Sometimes, however, self-effacement goes beyond modesty to reflect low self-esteem. But whatever its source, many researchers find, modesty has one overriding cost. Self-effacing individuals (in any culture) are generally better-liked —but they are also seen as less competent than self-enhancing folk. Observers consistently evaluate their performance on tasks less favorably. That's when it becomes self-defeating.

"There is an absolutely corrosive false modesty associated with femininity," says Regina Barreca. "It calls attention to itself by saying, 'I'm the last one, I should really let someone else go.' But it also says, 'Look at me. I'm just a girl doing this.'" The University of Connecticut English professor dubs it "a weird hyperfemininity even as it's a diminishment of being a woman.
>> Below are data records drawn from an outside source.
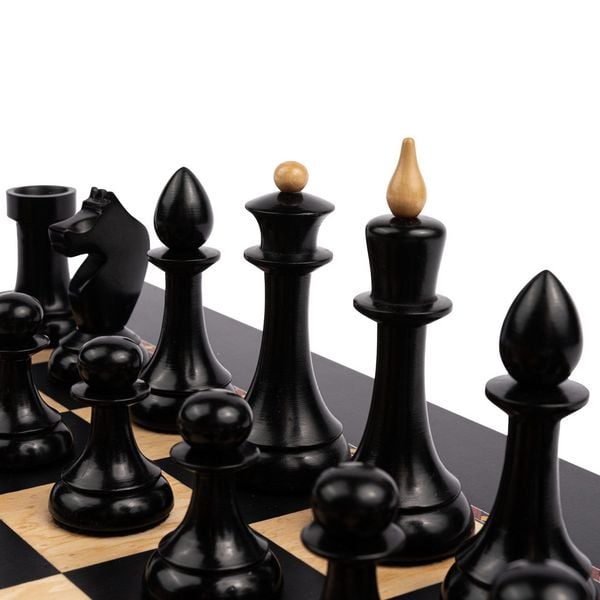 Produktbild: Philos 2530 - Schachset Gambit Deluxe, Feld 50 mm, Holz, Ferrer World-Class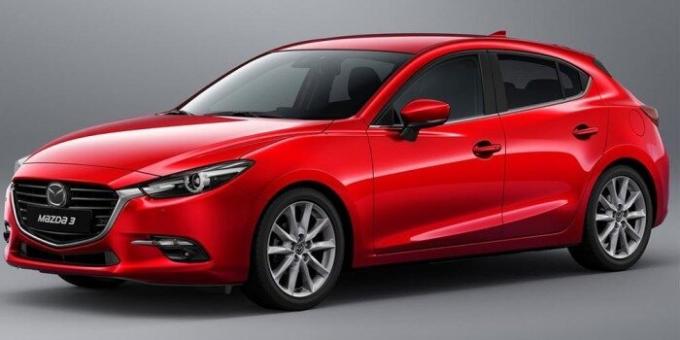 Subcompact Mazda 3 vynikajúcou voľbou pre mužov.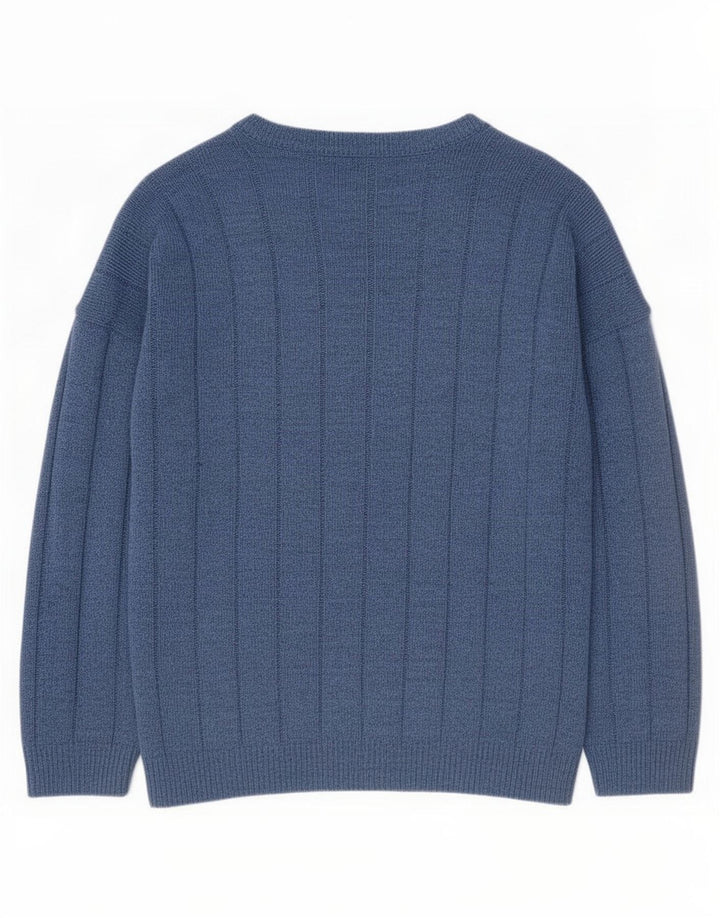 Suéter masculino Marks & Spencer St. Michael Cardigan XL azul marinho acrílico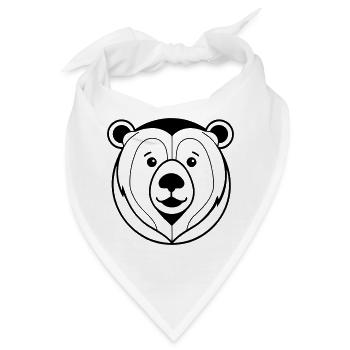 Bär - Bandana - Weiß - Vorne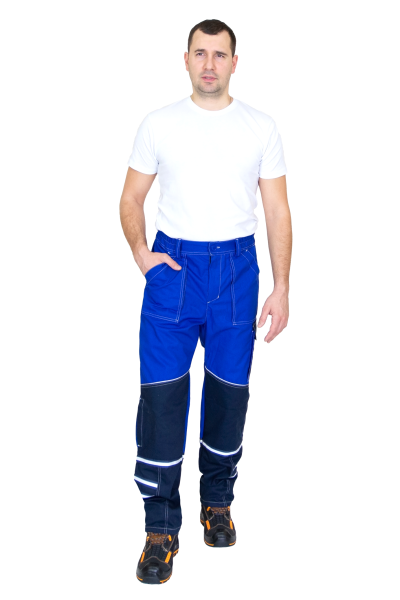 Брюки рабочие ВСТ 3_1 Гудзон вас_синий (2)
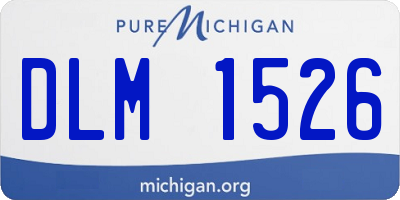MI license plate DLM1526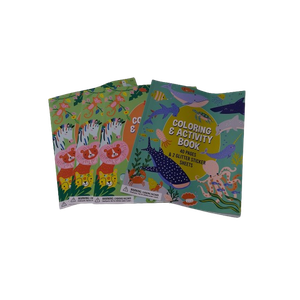 COLORING & ACTIVITY BOOK 40 Pages 4 pc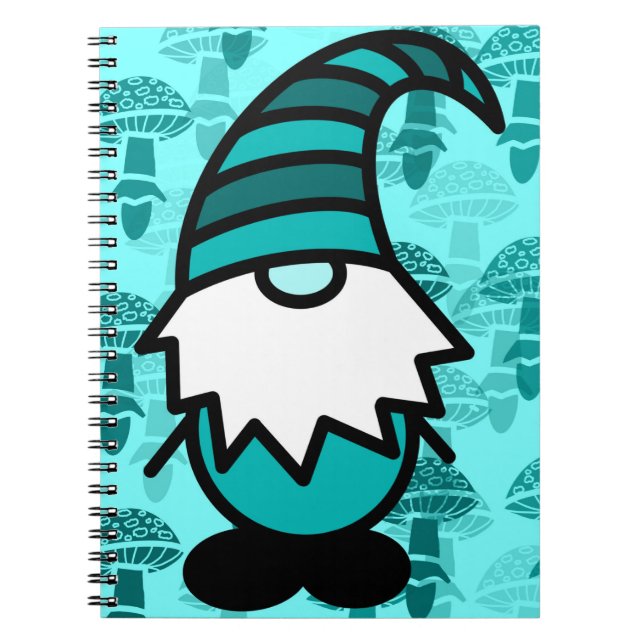 Caderno Espiral Turquoise Gnome (Frente)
We do this to ourselves—we mark ourselves different from the rest of humanity by calling attention to our gender, preemptively asking for special treatment." What in fact a last speaker should be doing is using the time well.
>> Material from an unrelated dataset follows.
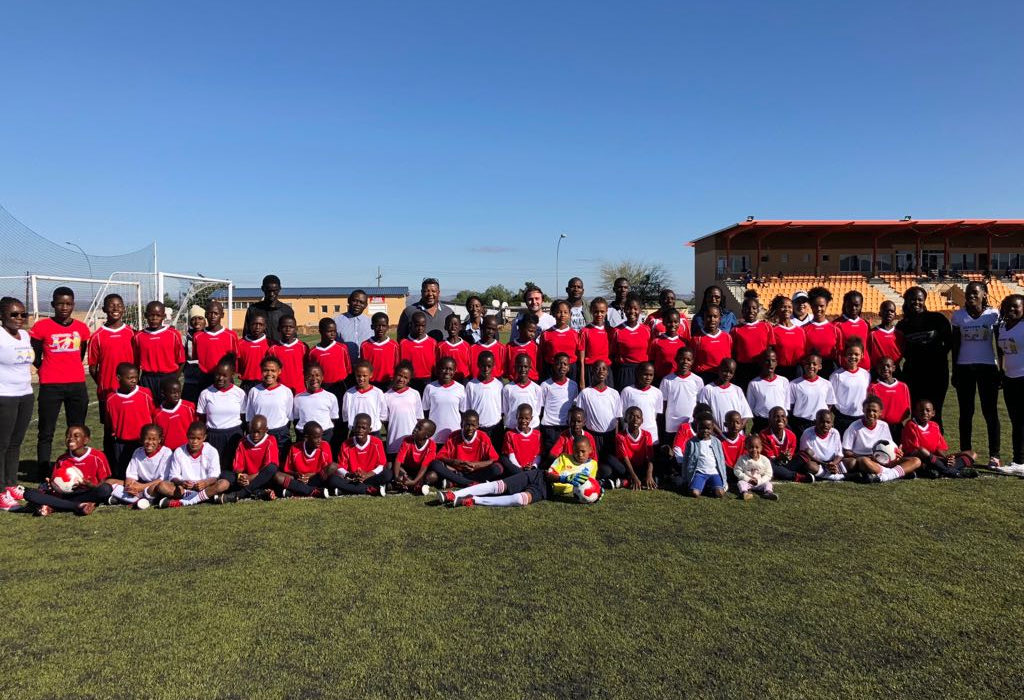 Football players and team of the Kasaona Football Academy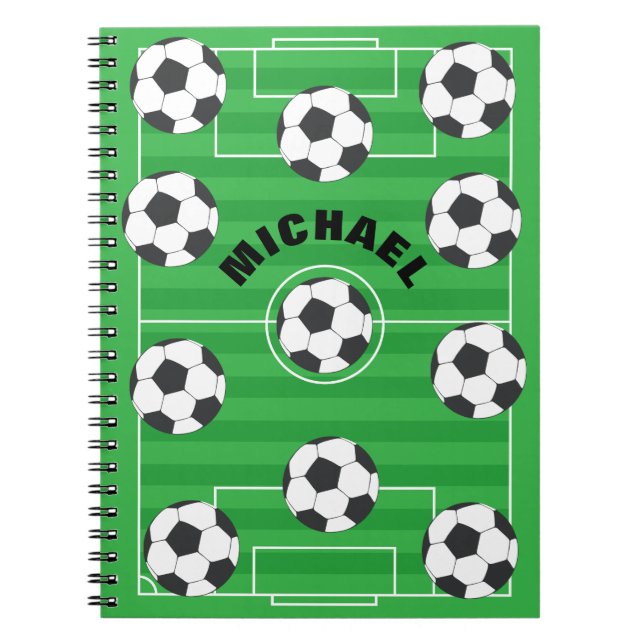 Personalised Soccer Field Notebook (Front)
It's bad enough, Barreca notes, that women incur harm from such behavior because traditional thinking still equates femininity with inability, and extreme modesty spurs judgments of diminished competence. But the damage is compounded in individualistic societies because self-effacement fuels the negative stereotype that women are prone to use their sex to gain advantage. All self-defeating behavior harms the doer. It's a unique form of self-sabotage that hurts a whole gender in the process.

Cringe Benefits

Recent history offers up a rich array of cringe-generating moments, all of them self-inflicted by folk in the perpetual spotlight of celebrity.

  • Alec Baldwin. In April 2007, the actor dialed his 11-year-old daughter, who was living with his ex-wife, Kim Basinger. When she didn't answer, Baldwin raged into her voice mail, calling her a "rude, thoughtless little pig." Basinger leaked the recording to the press, and it was broadcast worldwide, compelling Baldwin to issue a public apology.

  • Sarah Palin. During the 2008 presidential election campaign, the Republican vice presidential candidate was unable to come up with an answer to reporter Katie Couric's simple inquiry into which newspapers and magazines she reads. "Um, all of them, any of them that have been in front of me all these years," she said as America squirmed.

  • Kanye West. At the 2009 Video Music Awards, the rapper and record producer stormed onto the stage—and seized the microphone from ingenue Taylor Swift during her acceptance speech for Best Female Video—to say that Beyonce should have won instead. The audience, stunned into silence, applauded only when he left the stage.